# Barista express basket sticking in group head



## James chappell (Oct 23, 2020)

Hi,

so I'm using my brand new Sage/Breville barista express and loving it, but I've only had the machine for a few weeks at the most and I'm starting to have an issue where when I remove the portafilter, the basket will stay in the group head, this happens with or without coffee inside and when I do use coffee I make sure this it's not over full and use distribution tool.

I'm not sure why this is happening, I regularly remove the shower screen and clean that, I always make sure the basket is properly inside the portafilter. The wierd thing is, since day one of having my the brand new machine, it felt awkwardly stiff to fully lock in the portafilter with the basket inserted, but one thing I have noticed is that, once I have finished making coffee, rinsed, cleaned everything out and the portafilter is still a little wet, it locks in so much easier, like it's being lubed by the water. I am almost tempted to put some cooking oil on the rubber gasket as I'm pretty sure none of that comes in contact with actual water or coffee, but I worry I may accidentally get oil on the shower screen or somewhere else that could contaminate the coffee.

Any advice or past experiences with this issue?

Thanks for reading, any help is appreciated


----------



## prezes (Apr 17, 2018)

On my DTP it tends to stick when empty. It used stick after preparing a drink in first few months when new though ! Can explain what's the reason behind it


----------



## woollyhead (May 3, 2020)

The portafilter on my Sage DTP had the same issue. The wire clip in the rim of the portafilter doesn't provide enough friction to retain it. Try taking it out and changing it's shape slightly - worked for me. Sage sell replacements for about £4 too.


----------



## MediumRoastSteam (Jul 7, 2015)

James chappell said:


> . I am almost tempted to put some cooking oil on the rubber gasket as I'm pretty sure none of that comes in contact with actual water or coffee, but I worry I may accidentally get oil on the shower screen or somewhere else that could contaminate the coffee.
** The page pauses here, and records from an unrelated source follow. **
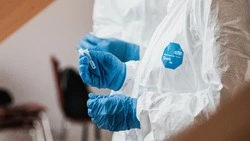 «В 1,5 раза больше»: ученый предсказал высокую смертность от «омикрона» в России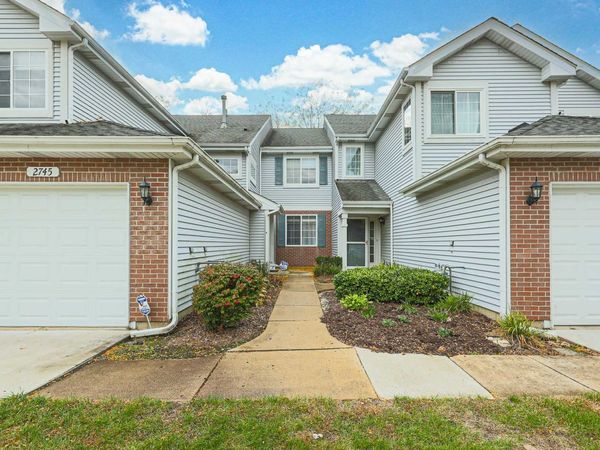 2745 Odlum Drive , Schaumburg, IL 60194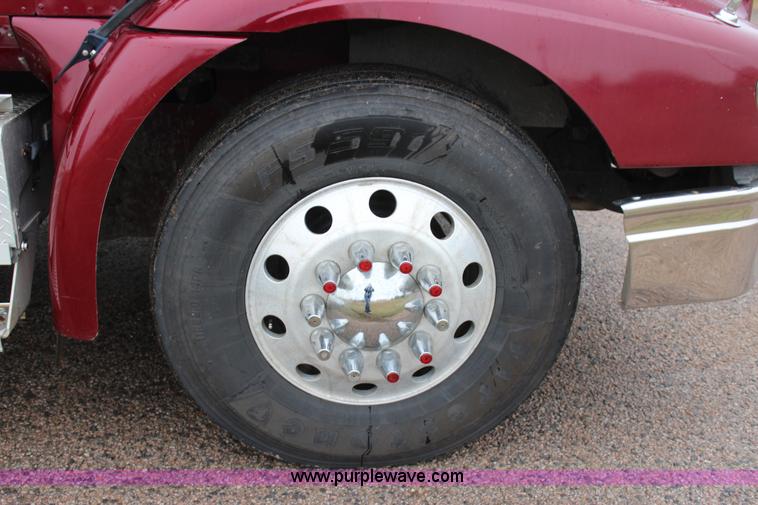 image for item J7700 2006 International 9400i semi truck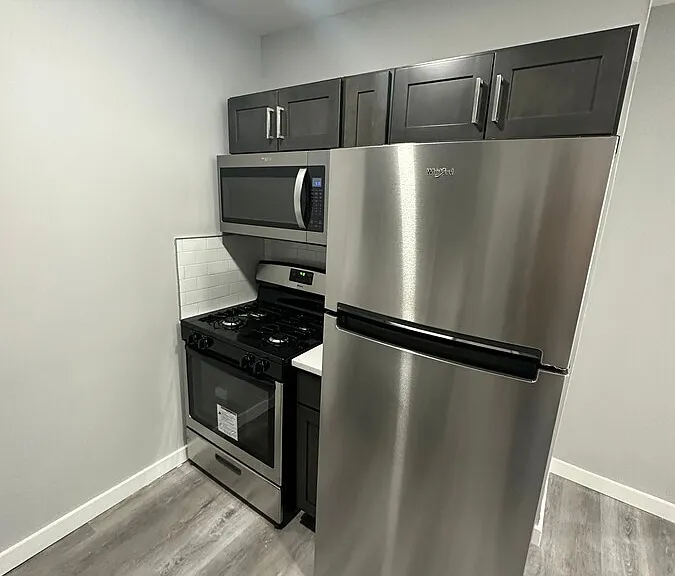 625 E Vernon Rd #1B — Photo 2
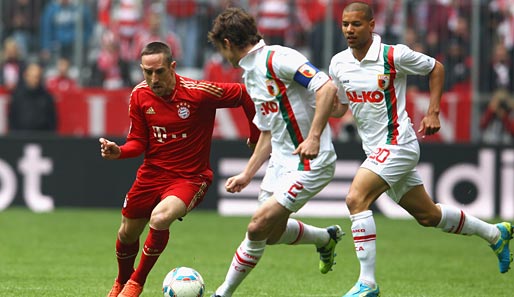 FC Bayern München - FC Augsburg 2:1: Franck Ribery (l.) feiert seinen 29. Geburtstag in der Allianz Arena mit 69.000 Zuschauern. Aber der FC Augsburg will die Party crashen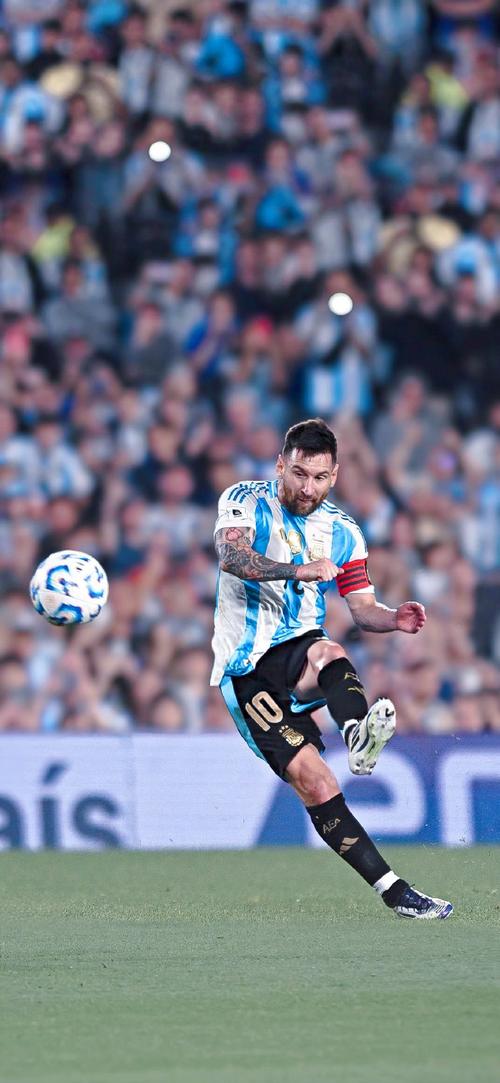 大胜33分！广东男篮晋级八强，“小胡金秋”表现出彩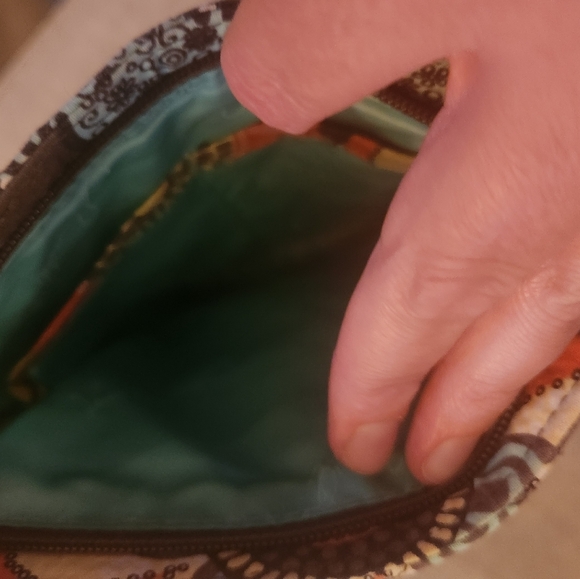 Vera bradley purse, like new - Picture 3 of 3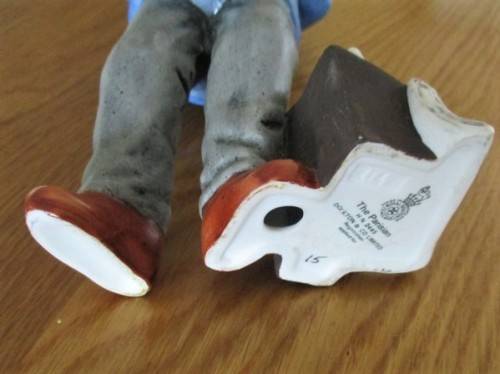 RATHER RARE ROYAL DOULTON FIGURINE (RETIRED) - THE PARISIAN HN2445 (NEWSPAPER SELLER) CIRCA 1972-75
 Don't do this! You risk a portafilter sneeze! That is, Portafilter disengaging from the group whist making a shot!


----------



## 24774 (Mar 8, 2020)

@MediumRoastSteam said it, adding oil there may make it flip out whilst the pressure is high, don't do that. That makes a huge mess and even worse you risk being hit in the nuts by a flying portafilter!
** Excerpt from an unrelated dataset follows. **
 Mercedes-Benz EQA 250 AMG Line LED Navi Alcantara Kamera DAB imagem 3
It does need to be pretty stiff, I've noticed it's stiffer putting it in cold first thing in morning than it is putting it in a little later for the second cup, but mine still holds just fine. @woollyhead might be on to something, maybe get a new spring or adjust the one you have (make it larger so fit is tighter). If that fails I'd give Sage a call and see if they have any suggestions.


----------



## prezes (Apr 17, 2018)

woollyhead said:


> The portafilter on my Sage DTP had the same issue. The wire clip in the rim of the portafilter doesn't provide enough friction to retain it. Try taking it out and changing it's shape slightly - worked for me. Sage sell replacements for about £4 too.


 That's a great tip! I'll give that a go. Thanks


----------